(Short text fragments from websites)

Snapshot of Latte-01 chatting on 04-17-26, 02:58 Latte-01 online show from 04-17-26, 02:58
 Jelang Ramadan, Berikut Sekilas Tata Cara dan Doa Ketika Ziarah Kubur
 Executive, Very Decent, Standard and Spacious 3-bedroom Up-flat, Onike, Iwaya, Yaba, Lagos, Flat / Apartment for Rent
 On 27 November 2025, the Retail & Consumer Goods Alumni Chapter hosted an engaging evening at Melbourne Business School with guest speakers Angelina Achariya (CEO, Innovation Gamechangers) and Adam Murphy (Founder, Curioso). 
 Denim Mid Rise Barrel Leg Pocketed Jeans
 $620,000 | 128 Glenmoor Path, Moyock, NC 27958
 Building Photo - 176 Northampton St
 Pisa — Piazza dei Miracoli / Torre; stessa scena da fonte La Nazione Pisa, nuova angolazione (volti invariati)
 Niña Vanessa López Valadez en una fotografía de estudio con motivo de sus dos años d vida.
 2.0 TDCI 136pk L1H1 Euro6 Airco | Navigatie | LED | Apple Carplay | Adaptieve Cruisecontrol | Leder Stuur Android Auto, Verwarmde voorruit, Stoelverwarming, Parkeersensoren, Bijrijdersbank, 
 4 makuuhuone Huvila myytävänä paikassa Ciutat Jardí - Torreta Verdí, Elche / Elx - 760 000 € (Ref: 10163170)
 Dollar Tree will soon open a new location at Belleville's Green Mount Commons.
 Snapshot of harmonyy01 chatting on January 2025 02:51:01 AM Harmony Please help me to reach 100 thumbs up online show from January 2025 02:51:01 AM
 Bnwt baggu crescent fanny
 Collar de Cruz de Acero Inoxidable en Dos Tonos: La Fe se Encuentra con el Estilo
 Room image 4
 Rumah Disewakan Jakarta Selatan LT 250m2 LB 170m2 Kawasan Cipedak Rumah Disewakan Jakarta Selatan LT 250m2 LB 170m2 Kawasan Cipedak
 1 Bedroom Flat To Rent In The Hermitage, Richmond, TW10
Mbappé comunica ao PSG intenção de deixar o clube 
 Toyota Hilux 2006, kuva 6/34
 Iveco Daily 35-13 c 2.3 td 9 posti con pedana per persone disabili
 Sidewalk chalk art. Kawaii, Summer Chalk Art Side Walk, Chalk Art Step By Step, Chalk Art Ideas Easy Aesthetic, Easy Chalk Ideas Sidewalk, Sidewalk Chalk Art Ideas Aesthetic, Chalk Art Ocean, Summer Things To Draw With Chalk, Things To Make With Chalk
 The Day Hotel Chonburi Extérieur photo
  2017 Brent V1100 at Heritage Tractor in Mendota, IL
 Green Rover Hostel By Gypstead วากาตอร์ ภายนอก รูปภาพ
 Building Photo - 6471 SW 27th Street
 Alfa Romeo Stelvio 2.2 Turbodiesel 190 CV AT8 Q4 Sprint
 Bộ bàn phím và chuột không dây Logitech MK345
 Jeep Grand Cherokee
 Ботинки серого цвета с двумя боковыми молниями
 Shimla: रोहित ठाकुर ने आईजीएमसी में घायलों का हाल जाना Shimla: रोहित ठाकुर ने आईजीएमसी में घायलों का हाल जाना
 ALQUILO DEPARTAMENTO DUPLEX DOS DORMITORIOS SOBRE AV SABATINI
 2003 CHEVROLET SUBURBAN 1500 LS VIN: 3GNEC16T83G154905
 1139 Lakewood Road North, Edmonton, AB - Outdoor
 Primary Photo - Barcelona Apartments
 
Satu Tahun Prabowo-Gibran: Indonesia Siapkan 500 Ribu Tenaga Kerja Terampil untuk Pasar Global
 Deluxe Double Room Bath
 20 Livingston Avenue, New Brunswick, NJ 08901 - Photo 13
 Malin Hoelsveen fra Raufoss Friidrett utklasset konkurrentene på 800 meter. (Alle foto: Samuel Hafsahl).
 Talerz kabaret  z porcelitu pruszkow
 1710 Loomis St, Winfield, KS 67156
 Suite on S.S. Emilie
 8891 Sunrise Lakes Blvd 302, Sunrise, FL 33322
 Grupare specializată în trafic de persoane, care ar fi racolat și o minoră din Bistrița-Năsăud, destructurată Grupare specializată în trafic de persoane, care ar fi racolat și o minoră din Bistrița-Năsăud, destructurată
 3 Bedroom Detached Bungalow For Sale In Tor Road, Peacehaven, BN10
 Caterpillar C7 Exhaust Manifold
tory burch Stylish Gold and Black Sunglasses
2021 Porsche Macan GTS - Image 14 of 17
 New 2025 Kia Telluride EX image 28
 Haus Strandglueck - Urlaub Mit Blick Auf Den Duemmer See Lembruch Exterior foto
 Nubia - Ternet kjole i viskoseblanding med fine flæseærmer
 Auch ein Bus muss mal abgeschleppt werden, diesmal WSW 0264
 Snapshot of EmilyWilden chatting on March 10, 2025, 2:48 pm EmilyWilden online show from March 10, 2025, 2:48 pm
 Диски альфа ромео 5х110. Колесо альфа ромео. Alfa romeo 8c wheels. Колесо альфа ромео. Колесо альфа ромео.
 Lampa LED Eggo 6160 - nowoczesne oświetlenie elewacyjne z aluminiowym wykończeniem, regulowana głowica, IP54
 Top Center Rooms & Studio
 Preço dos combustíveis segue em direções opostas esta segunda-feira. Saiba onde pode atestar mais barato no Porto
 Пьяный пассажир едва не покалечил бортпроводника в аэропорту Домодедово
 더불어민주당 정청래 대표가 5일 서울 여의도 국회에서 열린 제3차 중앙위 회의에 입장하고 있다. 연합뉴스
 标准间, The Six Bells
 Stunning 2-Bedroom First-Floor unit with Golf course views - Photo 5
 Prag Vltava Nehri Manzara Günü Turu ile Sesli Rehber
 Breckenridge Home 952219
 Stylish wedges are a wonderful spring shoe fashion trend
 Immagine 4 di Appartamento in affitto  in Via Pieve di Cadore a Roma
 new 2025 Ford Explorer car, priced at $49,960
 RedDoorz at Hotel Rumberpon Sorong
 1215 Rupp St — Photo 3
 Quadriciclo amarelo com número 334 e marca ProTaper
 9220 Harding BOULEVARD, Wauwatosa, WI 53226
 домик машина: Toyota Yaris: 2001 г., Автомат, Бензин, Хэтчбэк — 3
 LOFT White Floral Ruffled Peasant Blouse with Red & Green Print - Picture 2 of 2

> [Instructions for the task]: Tell how many lines above contain the word "show". Give the number alone.

> [Response]: 3